Updated: 2014-11-21 07:43
By Chen Weihua (China Daily)

The United States has been waging wars all over the world trying to deny safe haven to extreme terrorists. But to many Chinese, the US itself has for too long been a safe haven for a large group of bad guys - corrupt Chinese officials on the run.

These corrupt officials, who have embezzled huge sums of public money, have caused harm to the Chinese people like the groups of terrorists, and various surveys show that corruption remains one of the top concerns among the Chinese public.

A report from the central bank, the People's Bank of China, back in 2011 revealed that between 16,000 and 18,000 corrupt Chinese officials and top executives from State-owned enterprises have sought safe haven abroad, taking with them more than 800 billion yuan ($130 billion) in illicitly obtained money.

The US, Canada and Australia were the three top destinations for these crooked officials and SOE executives.

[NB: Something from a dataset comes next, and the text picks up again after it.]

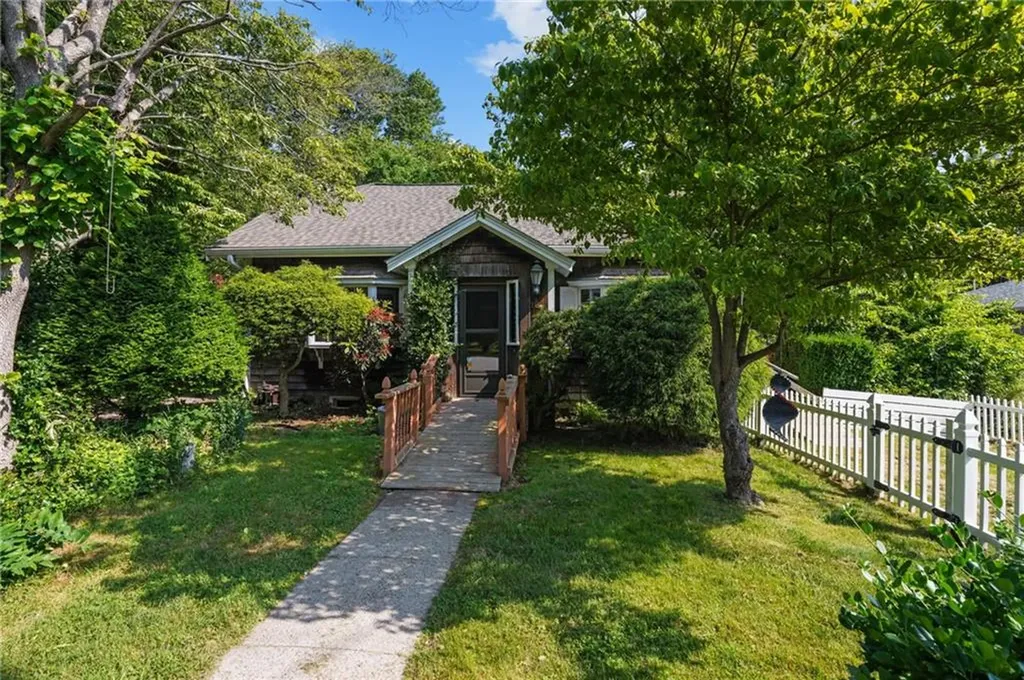 16 Laurel Lane Warren RI 02885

While high standards of living and good schools for their children are a likely reason, many corrupt officials chose these countries largely because they have no extradition treaty with China. Only a few corrupt Chinese officials have so far been deported by these countries, often on a case-by-case basis because of the lack of an extradition treaty. China has inked bilateral extradition treaties with 38 countries, but they are mostly developing nations.

As the current top leadership demonstrates strong resolve to fight corruption, those who have sought or are seeking a safe haven overseas have come under keen scrutiny back in China. On Monday, the Ministry of Public Security announced that 288 Chinese economic fugitives on the run overseas have been snared since "Fox Hunt 2014" was launched in July to hunt down criminals hiding abroad.

The Chinese government has actively sought the cooperation of foreign governments, including the US, in tracking down these fugitives from justice. Chinese officials have also urged the US to negotiate on a bilateral extradition treaty.